Eagle Water, a private utility that serves 4,200 customers and brought in just $800,000 in revenue in 2018, has been embroiled in a legal battle with the city of Eagle since 2018, when it announced it would be acquired by the multinational water utility company Suez.
The city claims it has a “right of first refusal” — a legally binding agreement that gives Eagle the right to derail an impending sale of Eagle Water by buying it first.
If the city wins its lawsuit and gets the right to buy Eagle Water, it would stop the private company from siphoning as many as 12 million gallons a day of water from Eagle to homes and businesses around the Treasure Valley, keeping the water in Eagle. If Suez wins, it plans to invest in improvements to the company’s crumbling infrastructure — and triple rates for Eagle Water’s customers.
As Election Day approaches, the circumstances of the city’s lawsuit have become political football in the campaigns for Eagle mayor and two City Council seats.
Challenger Jason Pierce has called out incumbent Mayor Stan Ridgeway, saying Ridgeway lacked the foresight to buy the company before Suez did. Ridgeway puts the blame on his predecessors. Supporters of both candidates have circulated allegations of wrongdoing by the city and its lawyers. In October, DeShazo sent a letter to Eagle Water customers encouraging them to support Pierce.
Through court documents, public records and interviews with individuals on both sides of the lawsuit, the Statesman has assembled a timeline that shows how, for more than a decade, the city has passed on opportunities to buy DeShazo’s company itself or in partnership with private firms, and why it decided to sue Eagle Water when it finally reached a deal with Suez.
Eagle first tries to buy Eagle Water Co.
In 2007, at the age of 68, DeShazo wanted to retire and sell the company that he started in 1974.
Former Mayor Nancy Merrill signed a contract to buy DeShazo’s company for $6.4 million, according to a post by Ridgeway. To finance the purchase, the city planned to ask voters to approve the sale of bonds. But citizens pushed back, and the bond election was canceled.
In spring 2008, Eagle Water’s regulators filed complaints against the company. The Idaho Department of Environmental Quality ordered the company to connect to another public water system to ensure it would have a sufficient supply of water in the event of emergencies.
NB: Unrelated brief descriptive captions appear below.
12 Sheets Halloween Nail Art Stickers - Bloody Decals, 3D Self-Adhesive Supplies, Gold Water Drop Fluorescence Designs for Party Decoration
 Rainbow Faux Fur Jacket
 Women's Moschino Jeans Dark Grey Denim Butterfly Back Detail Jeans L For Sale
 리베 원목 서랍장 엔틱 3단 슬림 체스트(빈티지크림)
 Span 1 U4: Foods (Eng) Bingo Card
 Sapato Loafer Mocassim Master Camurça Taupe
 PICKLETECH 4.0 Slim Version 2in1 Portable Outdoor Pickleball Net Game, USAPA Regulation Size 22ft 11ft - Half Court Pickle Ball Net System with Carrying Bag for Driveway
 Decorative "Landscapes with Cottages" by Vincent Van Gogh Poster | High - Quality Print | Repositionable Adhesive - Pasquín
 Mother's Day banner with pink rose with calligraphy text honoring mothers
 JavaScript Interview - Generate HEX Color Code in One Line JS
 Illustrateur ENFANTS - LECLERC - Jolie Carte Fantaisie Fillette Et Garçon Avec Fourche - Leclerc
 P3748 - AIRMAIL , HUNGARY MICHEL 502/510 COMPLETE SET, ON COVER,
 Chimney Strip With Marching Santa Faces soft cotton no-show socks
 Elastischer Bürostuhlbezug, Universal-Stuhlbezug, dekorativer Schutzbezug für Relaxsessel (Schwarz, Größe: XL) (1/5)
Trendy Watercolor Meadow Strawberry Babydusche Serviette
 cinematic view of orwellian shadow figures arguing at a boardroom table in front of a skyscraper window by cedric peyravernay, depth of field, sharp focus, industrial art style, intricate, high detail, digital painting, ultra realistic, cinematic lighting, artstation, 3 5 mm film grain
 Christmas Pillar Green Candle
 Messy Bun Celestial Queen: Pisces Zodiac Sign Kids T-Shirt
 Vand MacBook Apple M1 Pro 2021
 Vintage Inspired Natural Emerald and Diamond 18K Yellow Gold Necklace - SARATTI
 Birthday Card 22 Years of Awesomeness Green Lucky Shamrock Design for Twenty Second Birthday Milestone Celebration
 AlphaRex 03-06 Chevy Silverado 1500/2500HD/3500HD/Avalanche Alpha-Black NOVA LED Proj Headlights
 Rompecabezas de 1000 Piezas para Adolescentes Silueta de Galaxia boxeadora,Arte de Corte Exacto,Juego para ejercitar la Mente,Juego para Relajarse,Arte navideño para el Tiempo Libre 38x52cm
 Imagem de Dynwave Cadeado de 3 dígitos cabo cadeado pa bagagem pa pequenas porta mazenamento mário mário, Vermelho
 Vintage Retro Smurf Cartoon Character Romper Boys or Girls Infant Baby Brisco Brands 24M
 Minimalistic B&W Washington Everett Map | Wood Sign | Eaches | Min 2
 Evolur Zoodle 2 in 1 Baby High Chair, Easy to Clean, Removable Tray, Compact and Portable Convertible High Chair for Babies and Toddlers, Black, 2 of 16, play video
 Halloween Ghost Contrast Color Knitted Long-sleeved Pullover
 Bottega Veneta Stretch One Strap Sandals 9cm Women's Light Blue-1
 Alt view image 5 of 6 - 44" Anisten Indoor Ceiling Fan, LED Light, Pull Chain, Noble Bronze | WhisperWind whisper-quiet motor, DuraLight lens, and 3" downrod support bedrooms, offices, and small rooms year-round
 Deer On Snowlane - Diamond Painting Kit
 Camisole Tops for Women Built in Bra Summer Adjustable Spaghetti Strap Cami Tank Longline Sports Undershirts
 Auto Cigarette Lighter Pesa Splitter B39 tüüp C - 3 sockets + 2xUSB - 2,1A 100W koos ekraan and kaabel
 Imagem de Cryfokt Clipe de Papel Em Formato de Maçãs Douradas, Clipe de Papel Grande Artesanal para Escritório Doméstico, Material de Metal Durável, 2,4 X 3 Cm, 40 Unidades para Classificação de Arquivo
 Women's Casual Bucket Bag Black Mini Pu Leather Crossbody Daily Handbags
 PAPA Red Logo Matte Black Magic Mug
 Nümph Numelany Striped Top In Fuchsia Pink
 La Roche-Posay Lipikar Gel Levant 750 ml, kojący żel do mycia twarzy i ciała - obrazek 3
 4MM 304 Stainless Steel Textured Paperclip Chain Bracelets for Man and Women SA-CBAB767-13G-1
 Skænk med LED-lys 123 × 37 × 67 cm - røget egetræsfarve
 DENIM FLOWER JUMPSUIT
DeShazo turned to the city of Eagle for help. Under Mayor Phil Bandy, the city and Eagle Water agreed to an “inter-tie” agreement in July 2008.
The agreement laid out important provisions:
- Eagle Water would pay the city a monthly $10,000 fee for the connection to the city’s storage tank, and for allowing the company to satisfy its regulatory issues. Additionally, if the inter-tie continued past 18 months, the payment would increase 5%, and again every 18 months thereafter.
- Eagle Water gave the city a permanent right of first refusal to acquire its water system. That meant if Eagle Water received an offer, it would “give notice to City stating (its) desire to sell and the amount and terms of such offer in detail.”
With the agreement in place, the DEQ approved the changes and declared Eagle Water compliant. Starting in August 2008, Eagle Water started to make its monthly payments.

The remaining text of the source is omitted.